May 11, 2000 02:00 AM

by Andrew Mackie

An organization connecting to the Internet without a comprehensive program of information protection is like a person without an immune system leaving their protective bubble-at some time they will come in contact with something that will harm or kill.

Most managers are not aware of the risks. They find the issues too esoteric and leave them to their technical staff to handle. Since they don't see security delivering a return on investment they don't want to throw a lot of resources (people, money) at it. Security is appropriately addressed only when it is considered vital to the business. The approaches that are provided in this focus area can be used to make security more directly supportive of your organization's business.

An IPC is a means to achieve this alignment. It is a name for an entity that carries out a wide spectrum of security activities and services necessary to secure an organization. Some of these activities may already be carried out independently or in loose coordination across the organizational structure. The IPC can start as a formal working group or virtual collaboration of the same people. What is important is that the group evolves to be a new functional unit with the blessing of senior management, both on the technical and business side. This will require a coordinated effort of service delivery and a communications campaign.

A good communications strategy is vital. Since security often has a negative image (gets in the way, costly, complex), the IPC is promoted as a centre of security excellence which delivers a range of security services. Solutions are offered along with the skills to implement those solutions. This usually overcomes resistance. Of course the members of the IPC need to possess or rapidly build these skills in order to deliver on their promises. It is necessary to carefully control expectations and allow sufficient time to do quality work. The selection of highly capable IPC staff is important. The IPC will often need to show their value quickly so that it forms a reputation for delivering good results. This will improve their support from management and gain more cooperation from within the organization.

Figure 1: click to view larger images

Evolution of Capabilities

The IPC model maps out an evolutionary progression from fundamental passive security practices into active security practices and eventually into a position of influence that integrates with the business side of the organization. The following diagram (figure 1) shows business value or impact on the performance of the organization increases with the increase in capabilities.

The IPC can start small and, as it gains recognition and support, take on more roles. It may not begin with the passive stage. Often it will start somewhere in the active stage with the group involved in managing firewall(s). Those performing such active security quickly recognize the value of an organizational security policy as they attempt to impose firewall controls. Without direction and support from senior management they can start with a strong set of policies and quickly find themselves fighting demands to open a variety of high risk services. If the IPC is to be effective it should ensure that the necessary policies are in place and compliance is being measured.

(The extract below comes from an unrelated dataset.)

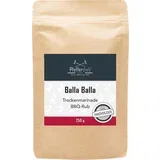 Balla Balla - Premium začimba za žar, suha marinada, Mediterranean BBQ Rub - 250 g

Policy without measurement and enforcement is worse than no policy since it indicates that management does not have control.

The active security stage involves establishing automated policies, watching for violations in the logs, assessing the impact and responding to improve security where necessary. This protect-detect-assess-respond security cycle (figure 2, click to view larger image) seeks continuous improvement and is a "best practice" in highly evolved organizations. The IPC itself should strive to achieve continuous improvement in its own operations. The IPC Operations (OPS) Manual has checklists that include such measurement and improvement practices.

Figure 2: click to view larger image

If the IPC only carries out active security centered on the perimeter, then it is not addressing all of the organization's security needs. A comprehensive approach requires that the IPC move into the integrative stage where it works with the business to improve the selection of technology and assists developers in better integrating security within their business applications. One way to do this is to improve the security architecture by delivering secure infrastructure services (Virtual Private Networks, the new IPSec protocol standard, file and message encryption, Public Key Infrastructure, etc.).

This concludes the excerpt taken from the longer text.